Senior Machine Learning Engineer
AI/ML - Remote - Full-time
Department: AI/ML
Location: Remote
Type: Full-time
Posted: 2026-06-23
Job Description
Our client is a European industrial technology group moving machine learning from pilots into production across its manufacturing operations. The first production use cases are predictive maintenance on rotating equipment and automated visual inspection on production lines. This is production engineering work, not research. You embed long-term in the client's ML platform team and own models from training pipeline through serving endpoint to drift monitoring.
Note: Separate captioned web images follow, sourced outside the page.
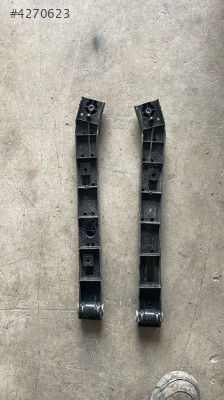 Clio 5 Sıfır İthal Ön Panel Braketi Bağlantı Ayağı Sol 625B40497R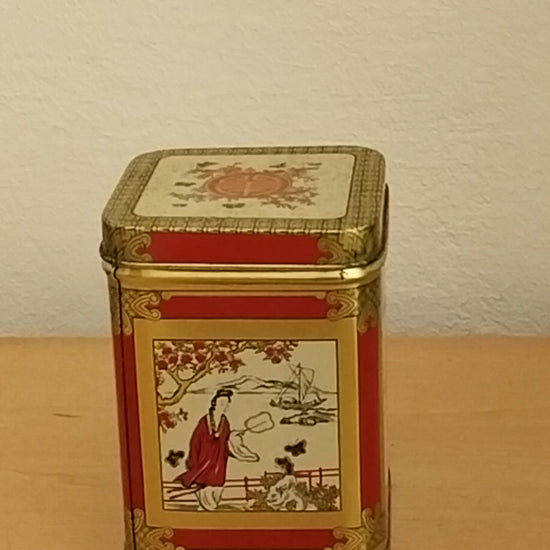 Vintage Teedose aus Blech mit rot-goldenem Chinoiserie-Dekor, Gesamtansicht der Vorderseite
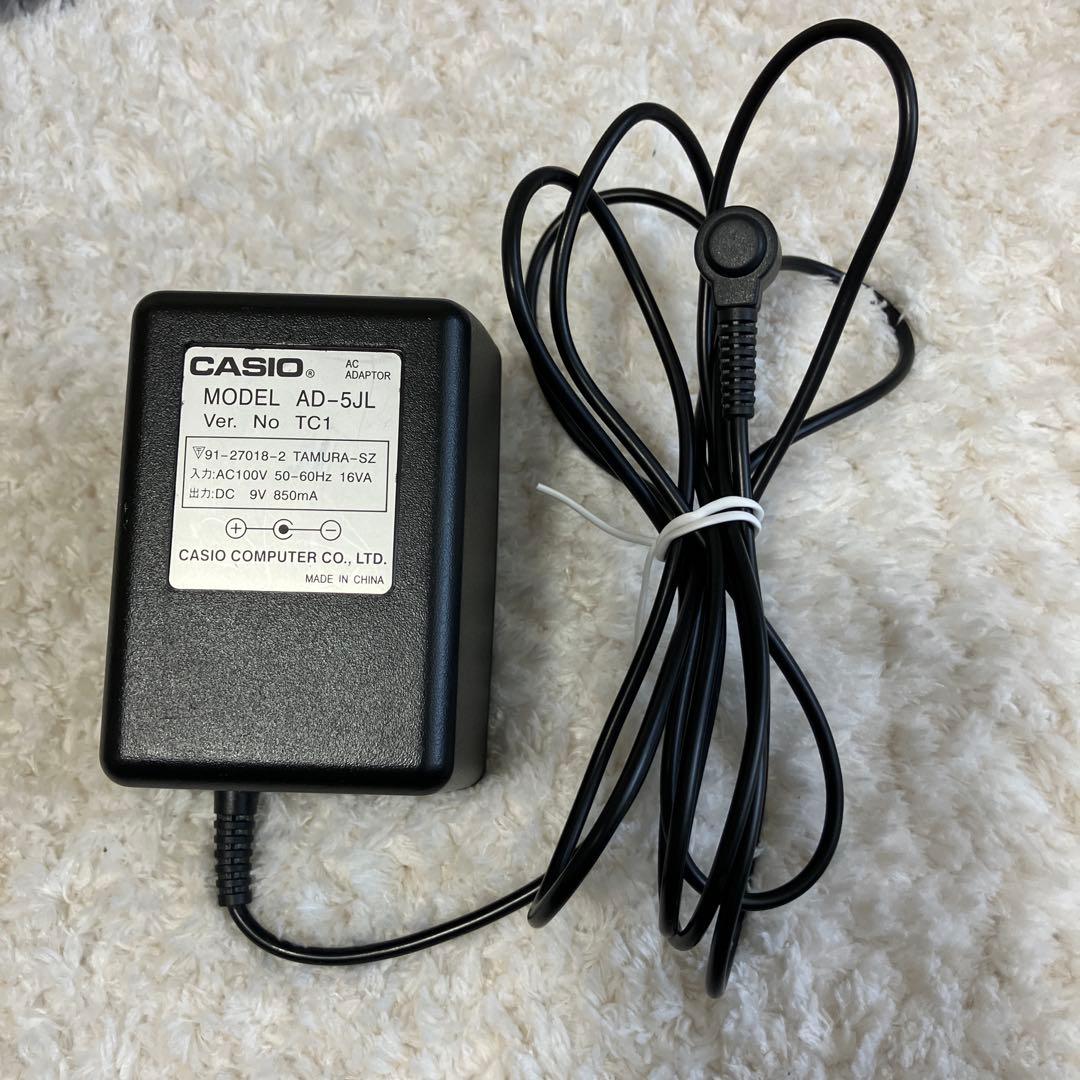 キーボード　CASIO LK-250it 光ナビゲーション　61鍵盤タイプ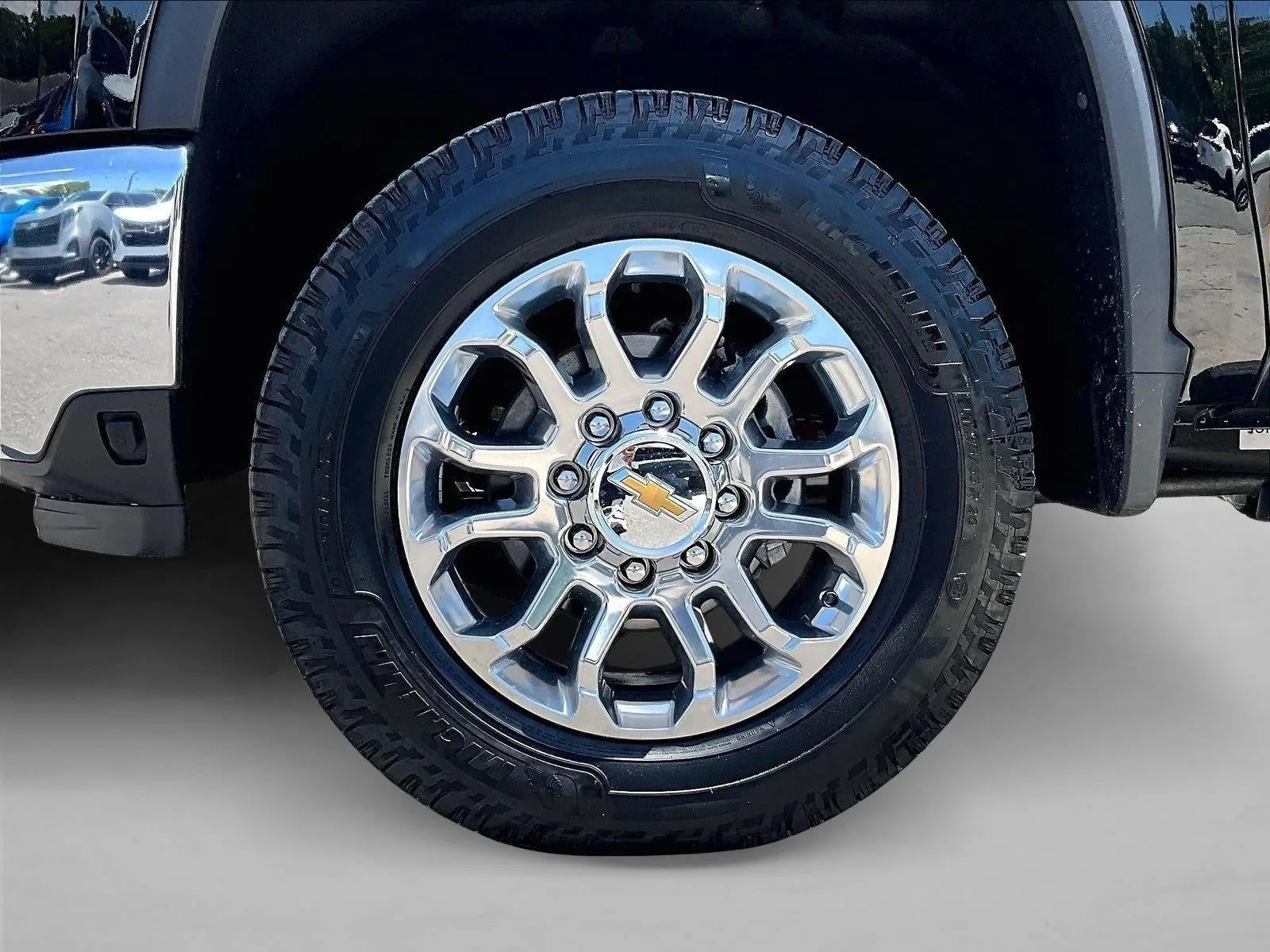 2025 Chevrolet Silverado 3500 HD LTZ photo 10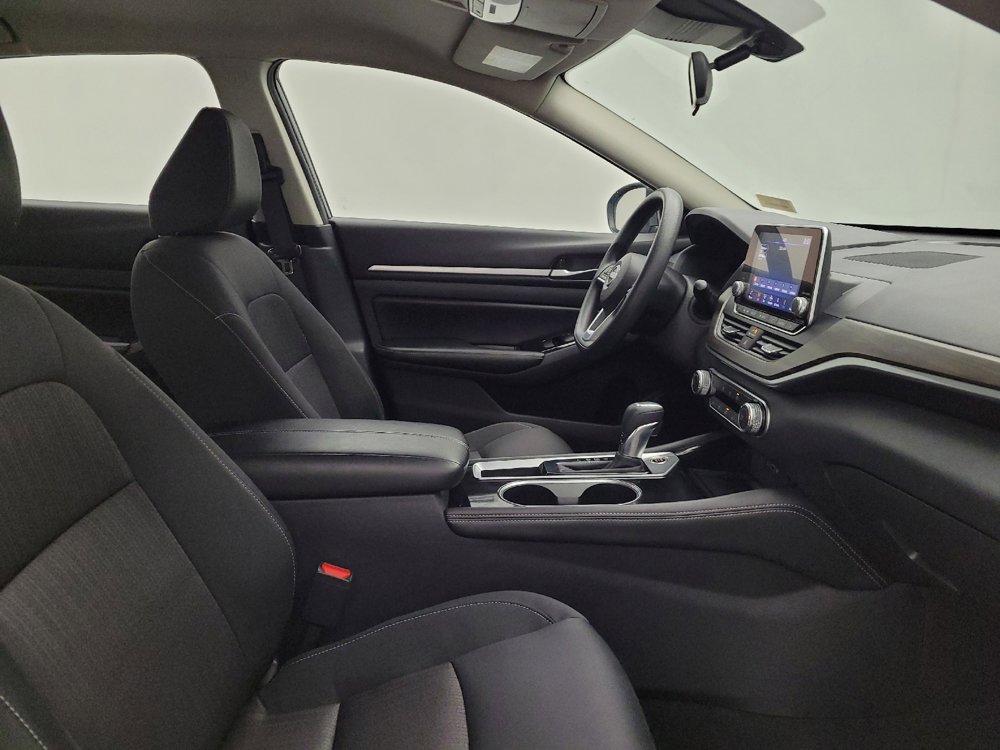 Used 2023 Nissan Altima 2.5 SV image 21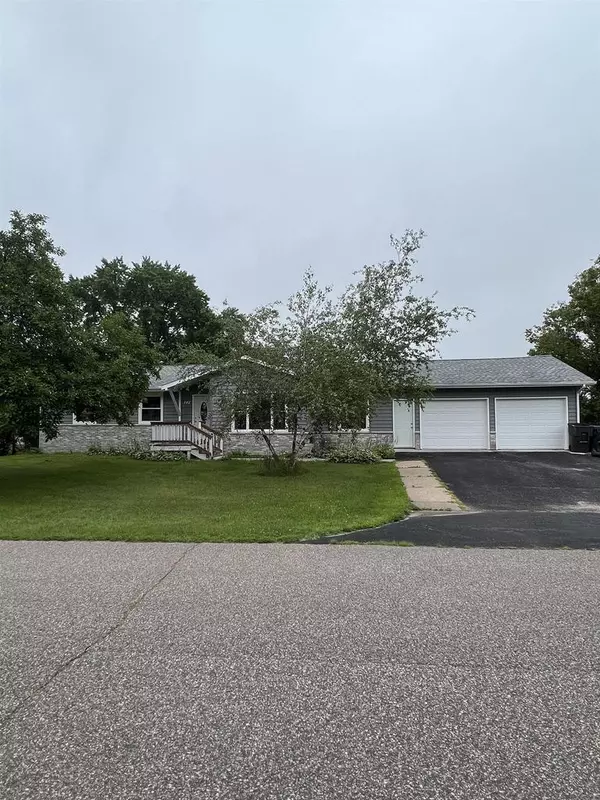 242 MAIN STREET SOUTH, Rosholt, WI 54473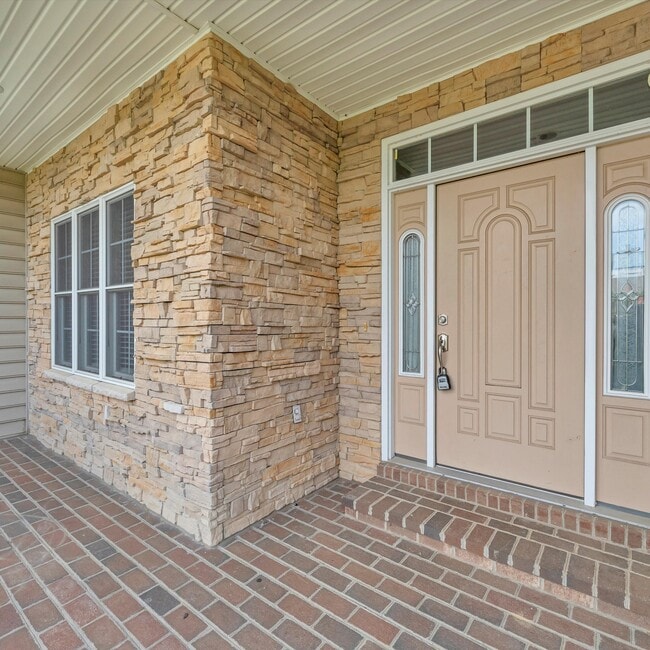 2035 Northside Dr in Blacksburg, VA - Building Photo - Building Photo
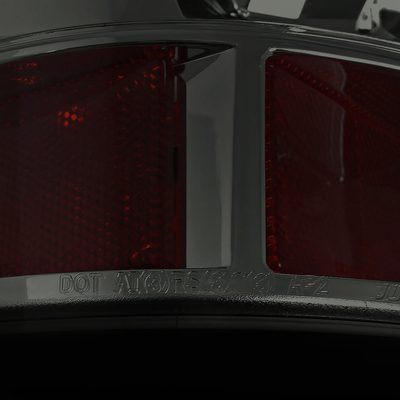 2000-2006 Chevy Suburban/Tahoe GMC Yukon/Yukon XL LED Tail Lights Chrome/Smoke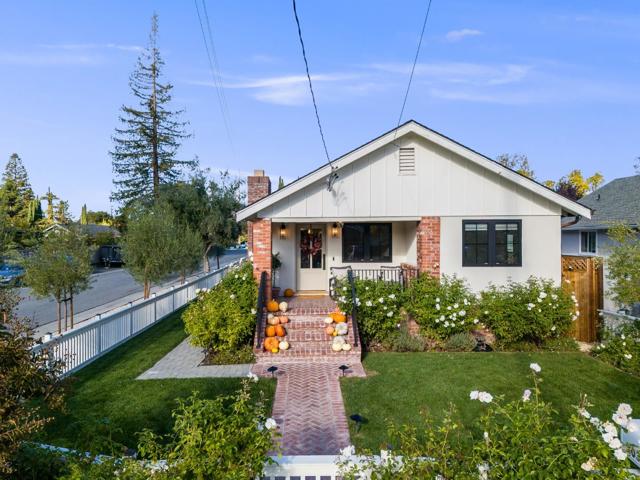 203 Santa Clara Avenue, Redwood City CA: https://media.crmls.org/mediaz/b89507c1-cfcc-4ca6-a4ef-ccac0dc01394.jpg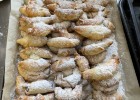 Pečení svatomartinských rohlíčků Pečení svatomartinských rohlíčků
You take direction from the client's ML lead and work alongside their data scientists, platform engineers, and plant-side process specialists.
What you'll be doing
- Ship PyTorch models for predictive maintenance and visual inspection from prototype to monitored production service
- Build and operate model serving on Kubernetes: containerized inference, autoscaling, GPU scheduling
- Own training pipelines in MLflow, covering experiment tracking, model registry, and reproducible retraining runs
- Run batch scoring and Kafka-fed streaming inference against live plant data
- Instrument data and model drift monitoring, with alerting wired to retraining triggers
- Harden the release path: CI/CD for models, canary rollouts, fast rollback
- Profile and cut inference latency and GPU cost on vision workloads
- Review feature pipelines with the client's data engineers and define the input contracts models depend on
What you'll need
- 5+ years of ML engineering, or backend engineering with 2+ years owning production ML systems
- Strong Python engineering: typed, tested, reviewed code built for production
- Production experience with PyTorch, training and deploying vision or time-series models
- Hands-on Kubernetes: you have deployed, debugged, and scaled inference services on it
- Experience with MLflow or comparable tooling for experiment tracking, model registry, and deployment
- Experience monitoring models in production: data drift, model drift, and performance degradation
- Working knowledge of Kafka or a comparable streaming platform for online inference
- Professional working proficiency in English
- Based in the EU with working hours overlapping CET
Nice to have
- Industrial computer vision experience across camera systems, defect detection, and edge deployment constraints
- Triton Inference Server, TorchServe, or KServe in production
- CKAD or an equivalent Kubernetes certification
- German at B2 or above
- Availability for occasional business travel within the EU
Engagement terms
- Remote-first. Deliverable-based, no time tracking.
- Monthly wellness allowance, scaling with tenure.
- Annual learning budget, scaling with tenure.
- Home office setup allowance, refreshed every two years.
- 25 days annual leave plus one additional day per year of tenure.
- Birthday off.
- Family leave and private healthcare coverage.